Directions for this task
Before printing, remove every picture; then print the lines below exactly, from the first line through the line containing "Welcome to Episode".
Dataset records START
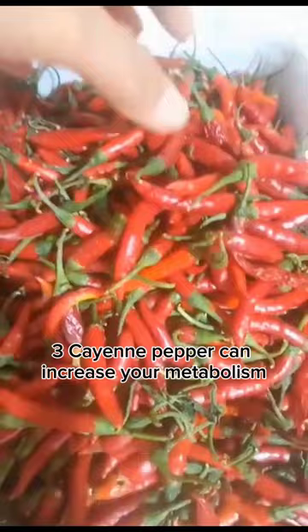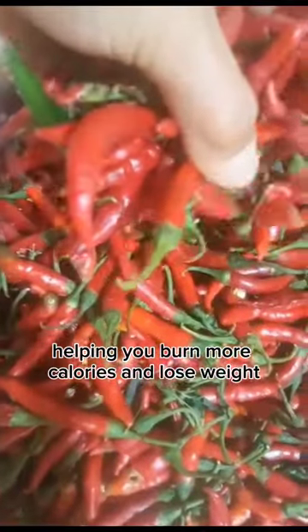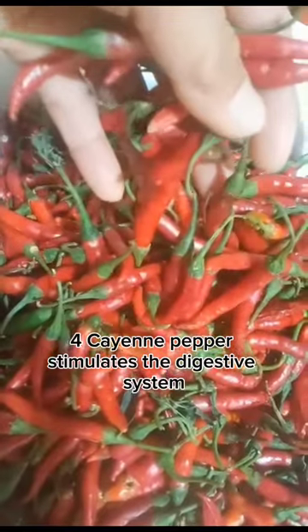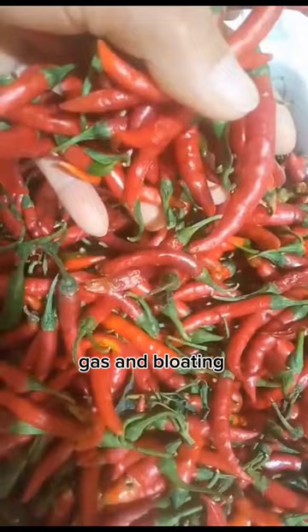3. Cayenne pepper can increase your metabolism, helping you burn more calories and lose weight. 4. Cayenne pepper stimulates the digestive system, helping to relieve indigestion, gas, and bloating.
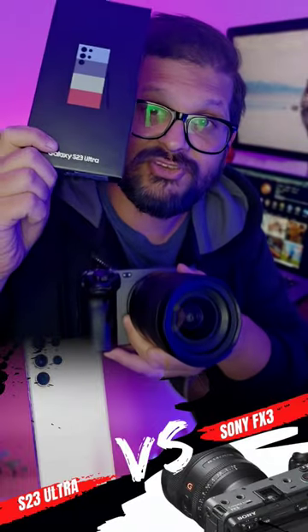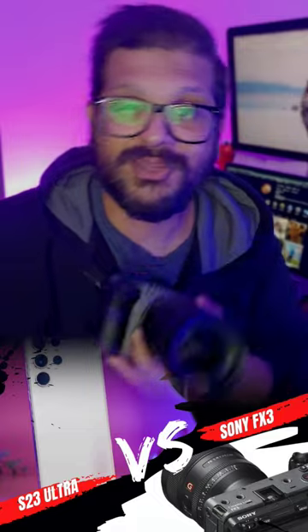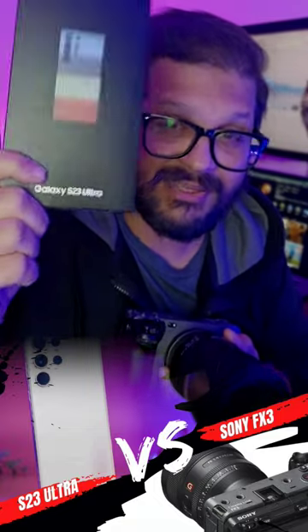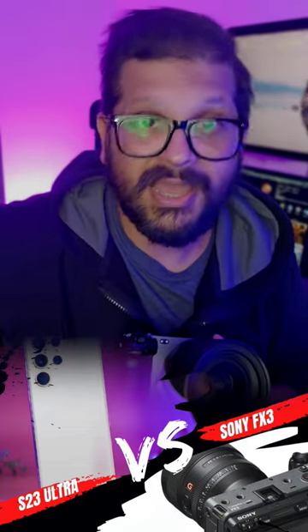Today I'm comparing Samsung Galaxy S23 Ultra with Sony FX3. I'm going to be testing the photos. You need to let me know within the next 10 seconds which one is taken by Sony FX3 and which one is taken by Galaxy Samsung S23 Ultra. Keep in mind that Sony FX3 is one of the best mirrorless cameras money can buy out there right now. Let's get started.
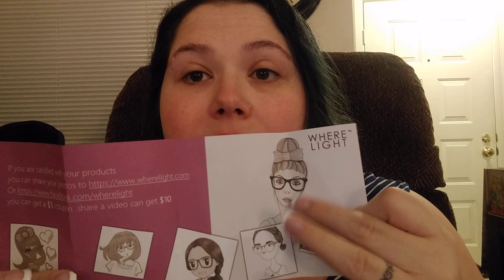Another thing that I thought you guys would be interested in — they don't really do coupons mostly because it is so cheap to begin with. But if you're satisfied with your products, you can share your photos. They like you to take pictures of yourself in your glasses and upload to their website. They give you their Facebook and their Wear Light page, and you can get a $5 coupon, or if you make a video, you can get a $10 coupon. You're going to take selfies anyway, so you can just share them.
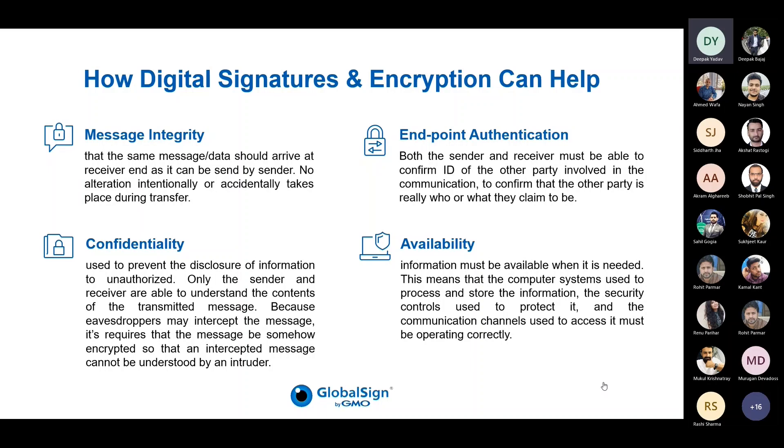Regarding confidentiality, we rely on public key encryption — data is encrypted with the public key of the recipient, and once received, it can only be decrypted with the recipient's corresponding private key, which only they have access to. This ensures end-to-end encryption — not just server to server. For availability, since certificates are installed on your machine, as long as you have access to your machine, you can always decrypt any encrypted emails you have received.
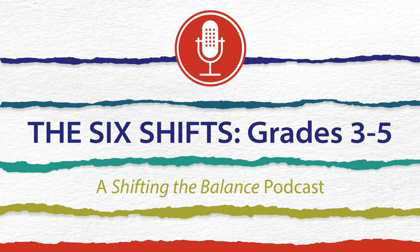Welcome to Episode 3 of The Six Shifts, with Katie Egan-Cunningham, Jan Berkins, and Carrie Yates, co-authors of Shifting the Balance: Six Ways to Bring the Science of Reading into the Upper Elementary Classroom, published by Stenhouse Publishers.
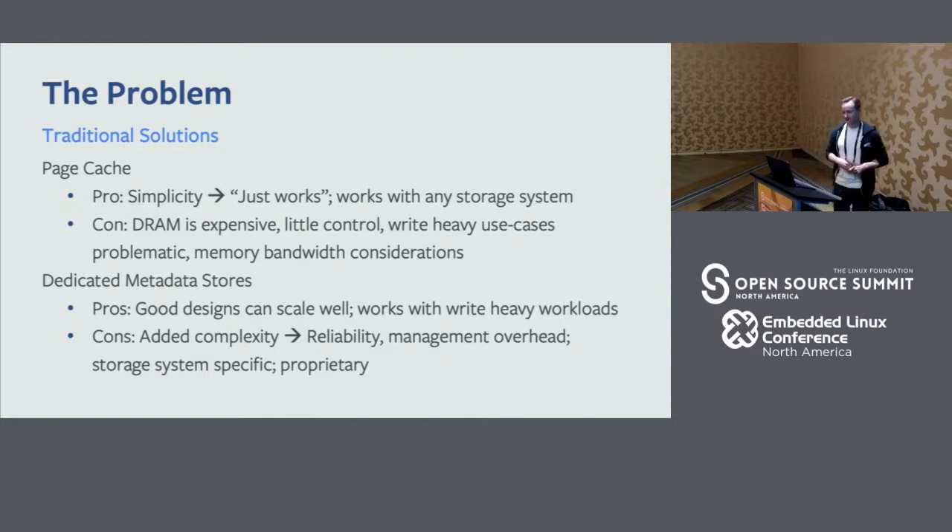The other classic solution is a dedicated metastore. On big systems like at Facebook, this could be a dedicated metadata store. Our storage system does have a dedicated metadata store for our level of objects, but this does not go down to the XFS file system level. Dedicated metastores handle write-heavy workloads pretty well. The cons are they're complex, hard to get right, and there are a lot of landmines when designing them to scale correctly. We've gone through probably a couple of generations of our metadata layer. And of course they're proprietary, so you don't benefit from the open-source community's collective wisdom.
Dataset records END
Exercise response
3. Cayenne pepper can increase your metabolism, helping you burn more calories and lose weight. 4. Cayenne pepper stimulates the digestive system, helping to relieve indigestion, gas, and bloating.
Today I'm comparing Samsung Galaxy S23 Ultra with Sony FX3. I'm going to be testing the photos. You need to let me know within the next 10 seconds which one is taken by Sony FX3 and which one is taken by Galaxy Samsung S23 Ultra. Keep in mind that Sony FX3 is one of the best mirrorless cameras money can buy out there right now. Let's get started.
Another thing that I thought you guys would be interested in — they don't really do coupons mostly because it is so cheap to begin with. But if you're satisfied with your products, you can share your photos. They like you to take pictures of yourself in your glasses and upload to their website. They give you their Facebook and their Wear Light page, and you can get a $5 coupon, or if you make a video, you can get a $10 coupon. You're going to take selfies anyway, so you can just share them.
Regarding confidentiality, we rely on public key encryption — data is encrypted with the public key of the recipient, and once received, it can only be decrypted with the recipient's corresponding private key, which only they have access to. This ensures end-to-end encryption — not just server to server. For availability, since certificates are installed on your machine, as long as you have access to your machine, you can always decrypt any encrypted emails you have received.
Welcome to Episode 3 of The Six Shifts, with Katie Egan-Cunningham, Jan Berkins, and Carrie Yates, co-authors of Shifting the Balance: Six Ways to Bring the Science of Reading into the Upper Elementary Classroom, published by Stenhouse Publishers.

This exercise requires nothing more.